Außerdem spielen die meisten unserer Jungs in Vereinen mit ernsthaftem europäischen Niveau. Ich glaube nicht, dass Zinchenko, Zabarny, Tsygankov, Mikolenko vor den Italienern mit den Beinen wackeln werden. Sie spielen Fußball auf hohem Niveau.
- Wir spielen in Mailand. Wie groß wird die Rolle der Fans sein, die zu diesem Spiel kommen?

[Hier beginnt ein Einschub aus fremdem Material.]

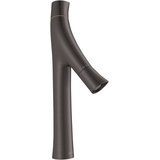 Hansgrohe Axor Starck Organic 170 Waschbeckenarmatur mit Ablaufgarnitur Brushed Black Chrome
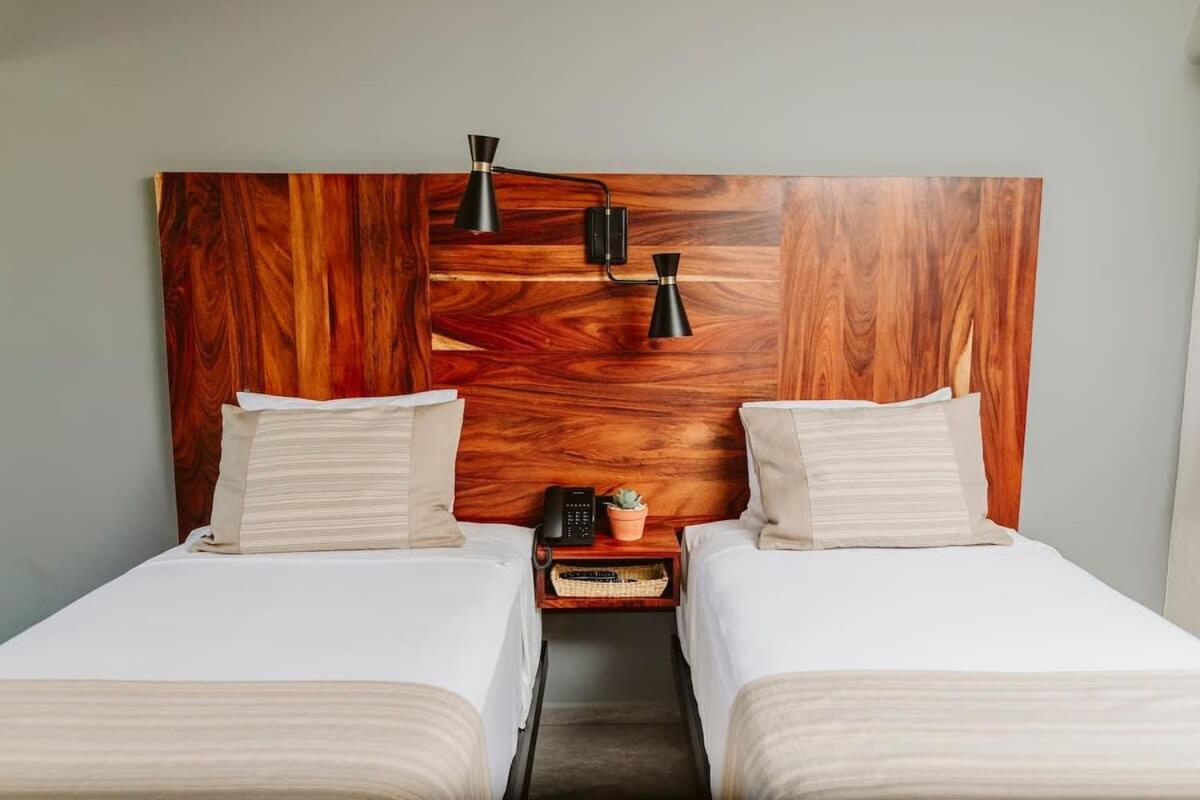 4 Splendid Twin Suite Rooms In Exclusive Boutique Hotel San José del Cabo Exterior photo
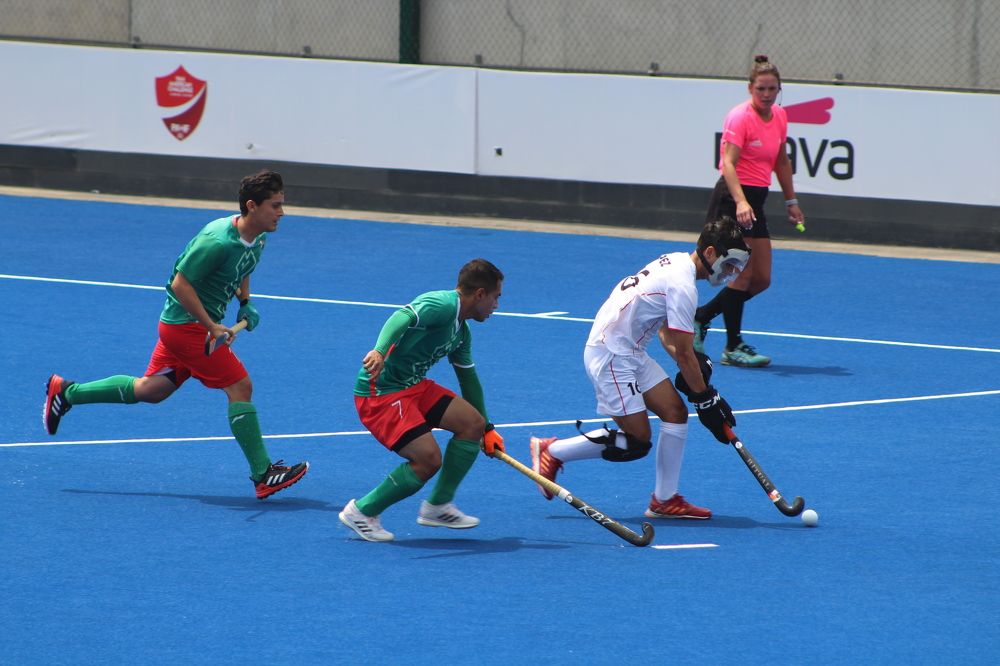 Perú queda segundo en el Panam Challenge ante México 2020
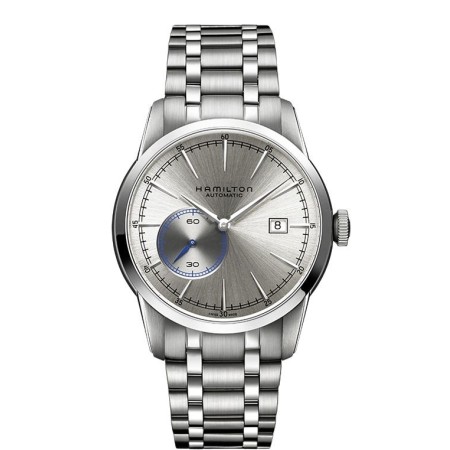 Orologio Railroad Automatico Small Second - H40515181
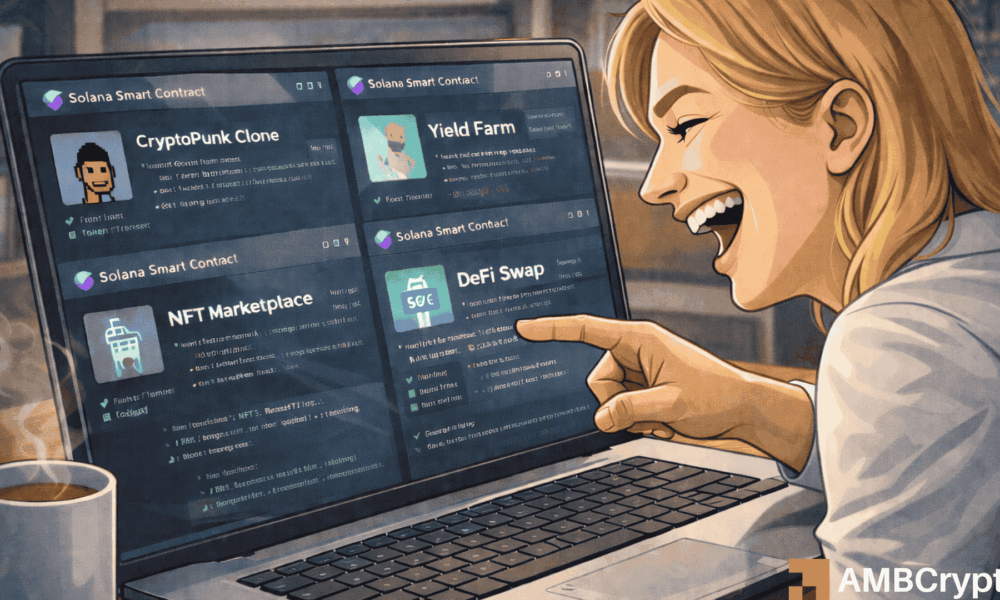 ‘Cry me a river': X creator prize winner responds to Bubblemaps memecoin allegations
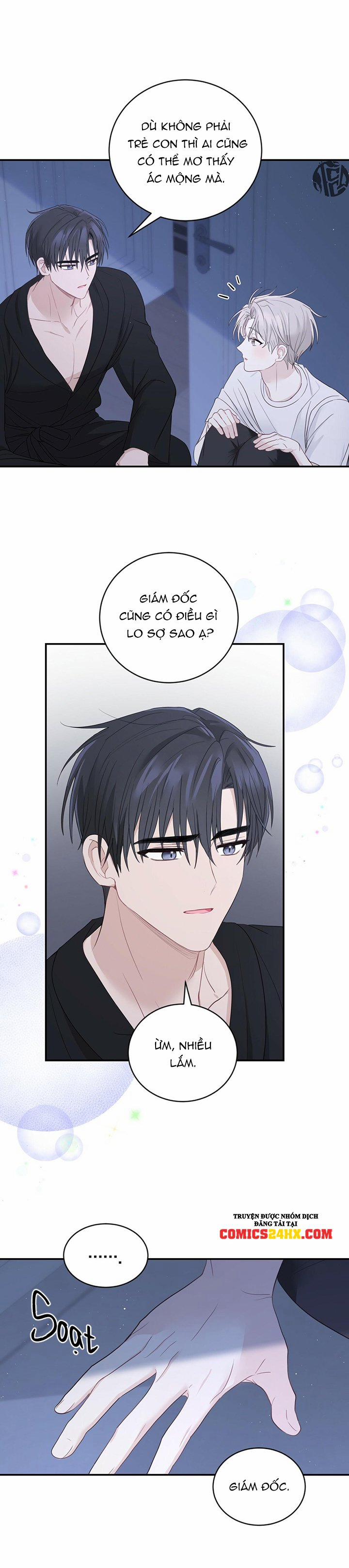 Vị Ngọt Không Đường 11 trang 7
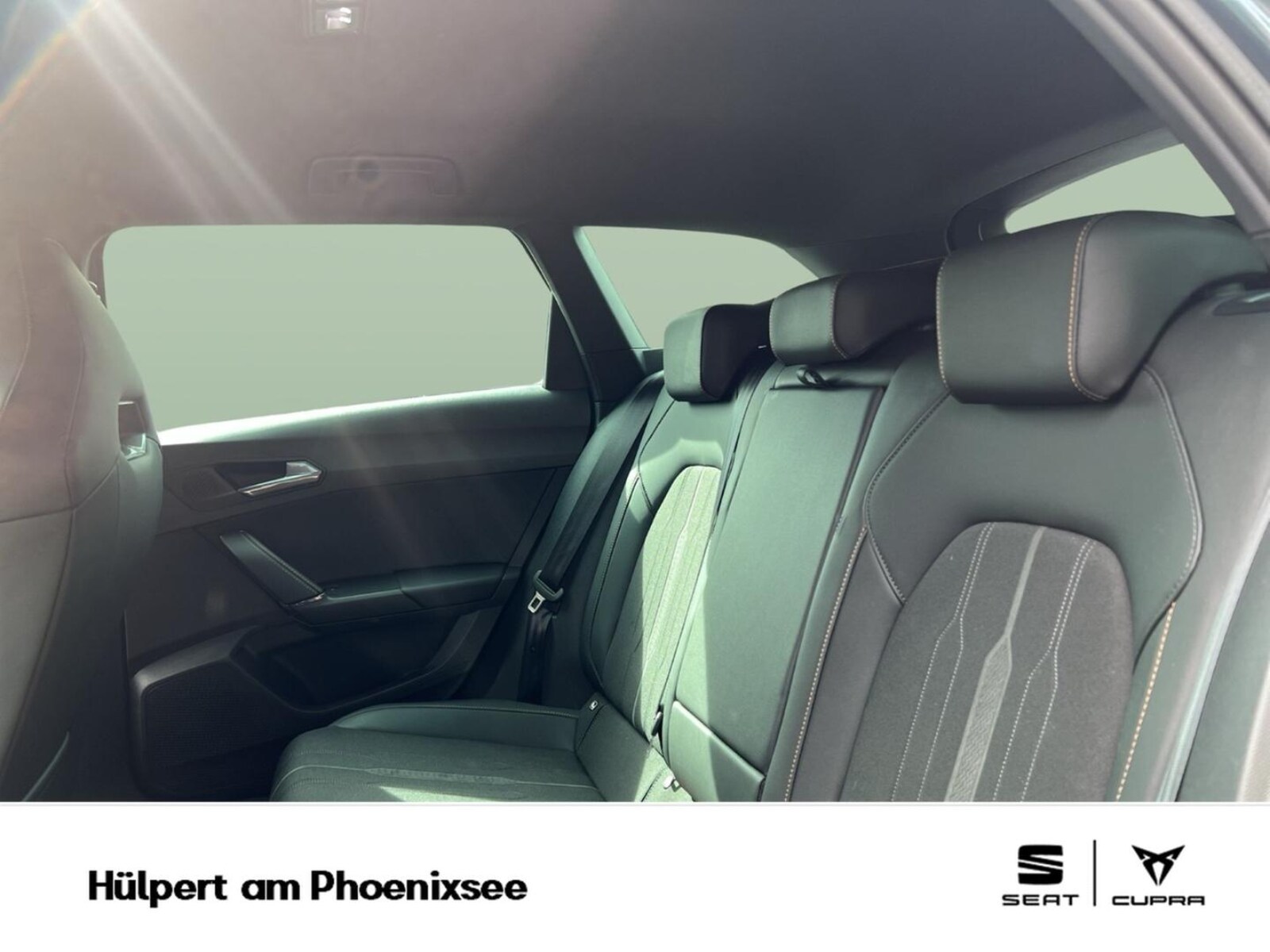 CUPRA Leon Sportstourer – Bild 7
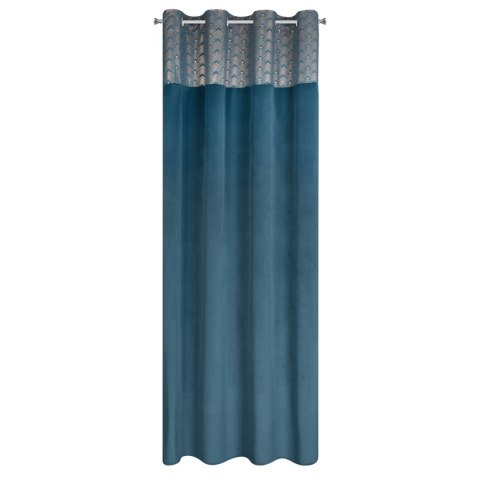 Vorhang ELEN/NIE+SZA 140X250 Ösen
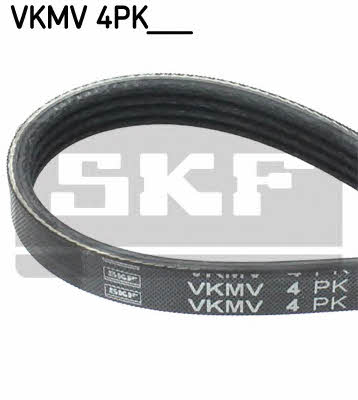 SKF VKMV 4PK1110 Ремінь поліклиновий 4PK1110 VKMV4PK1110: Приваблива ціна - Купити в Україні на EXIST.UA!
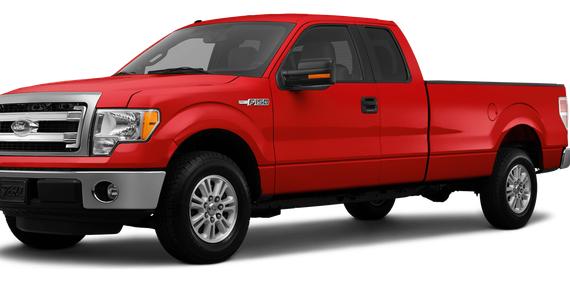 FORD F-150 2013 1FTFX1ET2DFB51035 image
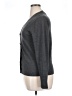 Tory Burch Gray Long Sleeve Top Size XL - photo 5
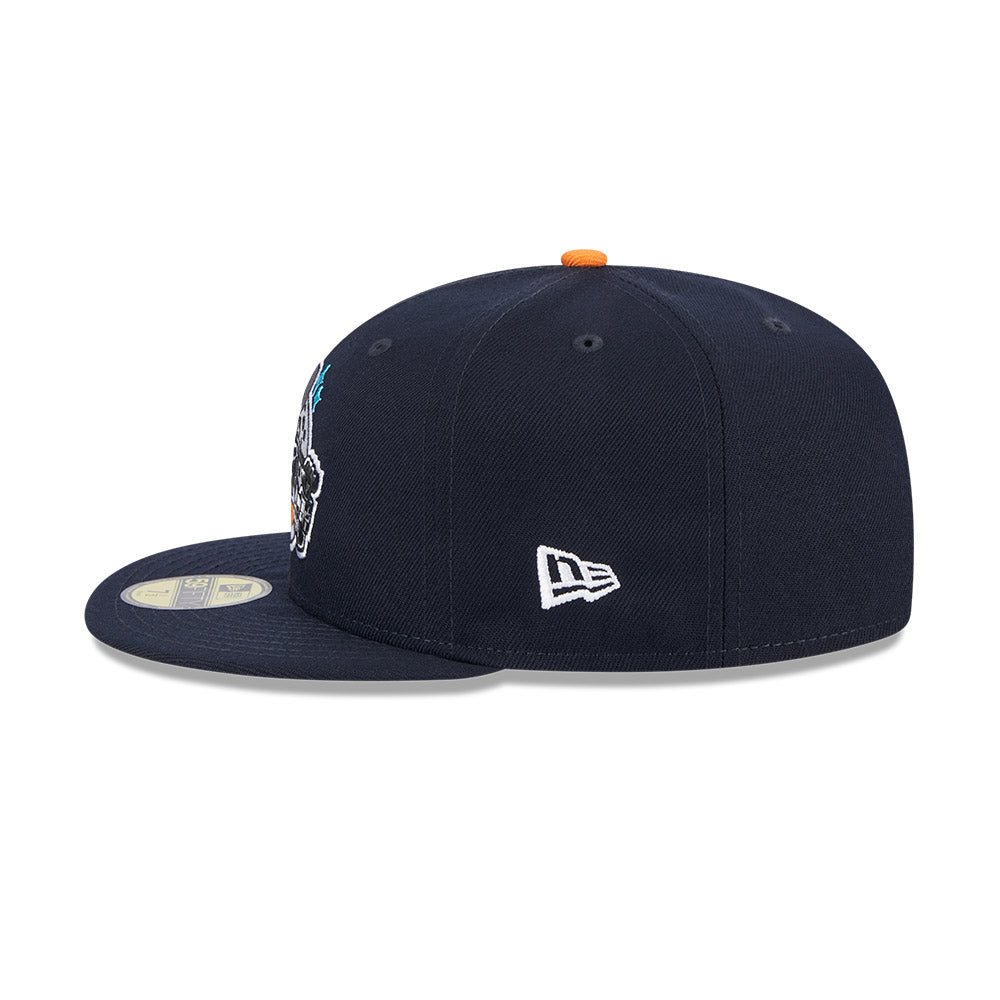 Sugar Land Space Cowboys New Era Men's Hat Fitted Defender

- Egal wie man es betrachtet, aber Mailand hat ein großes Stadion. Ich denke, es wird voll sein. Natürlich werden auch unsere Fans da sein. Aber es werden mehr Italiener sein, aber das sollte uns keine Sorgen machen. Es mag ein großer Unterschied zu meiner Zeit gewesen sein: als wir in unseren halbleeren Stadien spielten, in denen höchstens 7-10 Tausend Zuschauer waren, und als wir ins Ausland kamen und dort auf den Tribünen 50 Tausend schlugen. Das hat natürlich Druck auf uns ausgeübt. Unsere in der englischen Premier League, der spanischen La Liga oder der italienischen Serie A haben nicht so leere Tribünen gesehen wie in der ukrainischen Meisterschaft, sie wissen auch, was der Faktor der vollen Tribünen ist.